What's next in L&D: 5 signals from Learning Technologies London 2026
London in late April. Two packed days. Thousands of people and conversations. And a field that is...
AI is often sold to Learning & Development professionals as a tool to create more content, faster. But what if its real value is in helping us create less content and more capability? In L&D, we're constantly asked to build new courses, design varied content and build learning pathways. But often, this isn't the right solution. The real challenge is to solve performance problems and enable people in the flow of their work.
This playbook, born from a co-creation session with the L&D Leaders Community, offers a practical framework for using AI to scale your people, not just your content library.
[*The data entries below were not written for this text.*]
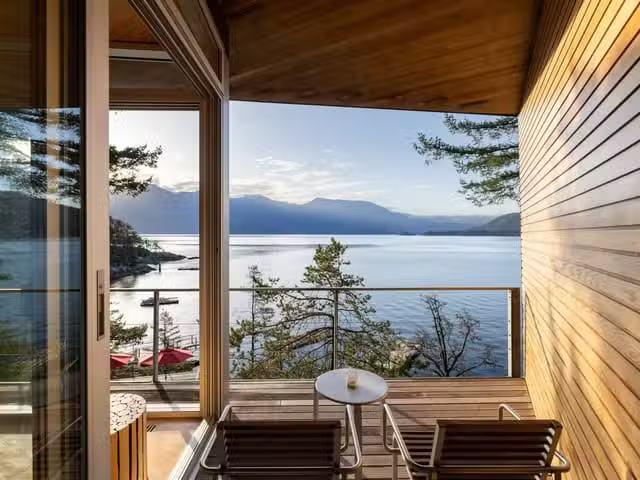 House for sale in Gambier Island, Sunshine Coast, 671 Bowen Vi.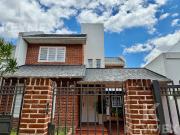 Casa en venta con amplio jardín y pileta en 36 17 y 18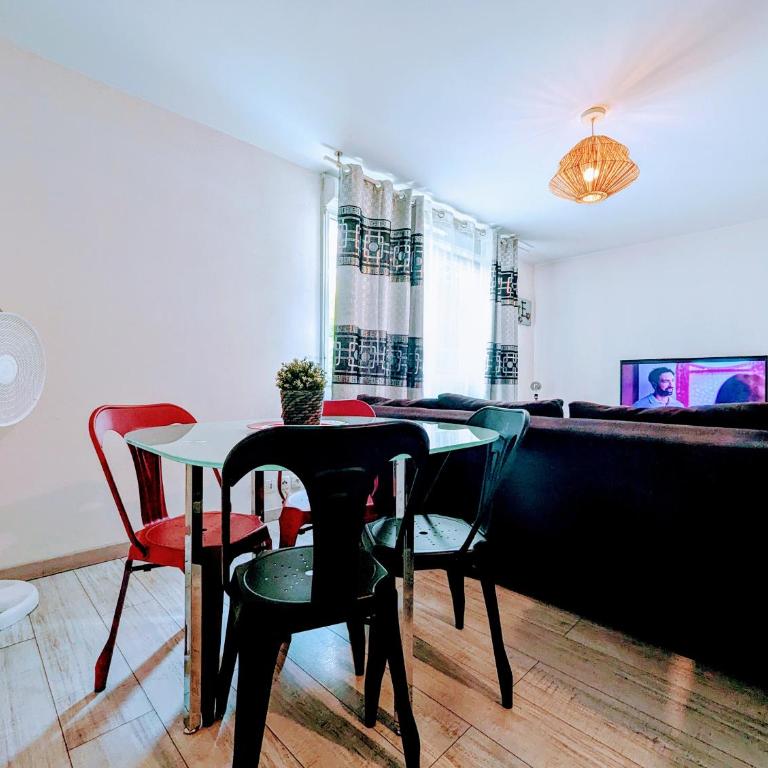 Chic apart with bar in Paris - One-Bedroom Apartment - 31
We'll break down two real-world examples of AI tools that automate time-consuming processes and deliver personalized development at scale, helping you shift from being a content creator to a strategic performance partner.
By following this playbook, you'll learn how to identify high-impact AI use cases, partner with technical teams, and build solutions that solve real business problems.
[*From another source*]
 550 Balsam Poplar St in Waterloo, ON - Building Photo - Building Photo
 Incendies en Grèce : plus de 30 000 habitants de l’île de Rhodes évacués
This guide will walk you through a strategic approach to implementing AI in your L&D processes.
The Steps:
Identify high-impact processes: Find the operational tasks that touch everyone in the organization.
Build a "smart" interface (not another course): Automate the process directly within the workflow.
Create an AI Performance Coach: Deliver personalized development plans at scale.
Fine-tune and mitigate risks: Address AI "hallucinations" and set usage limits.
Prerequisites:
Access to organizational data (e.g., job descriptions, performance feedback, competency frameworks).
A mandate from leadership to explore and implement AI solutions.
A collaborative partnership with a technical team (or access to AI development tools).
The Goal: To find the best starting point for your AI initiatives. Instead of chasing dozens of small ideas, focus on processes that are universal, operational, and have the potential to impact the entire organization.
The Action:
Look for universal pain points: What are the recurring, time-consuming tasks that every employee and manager has to complete?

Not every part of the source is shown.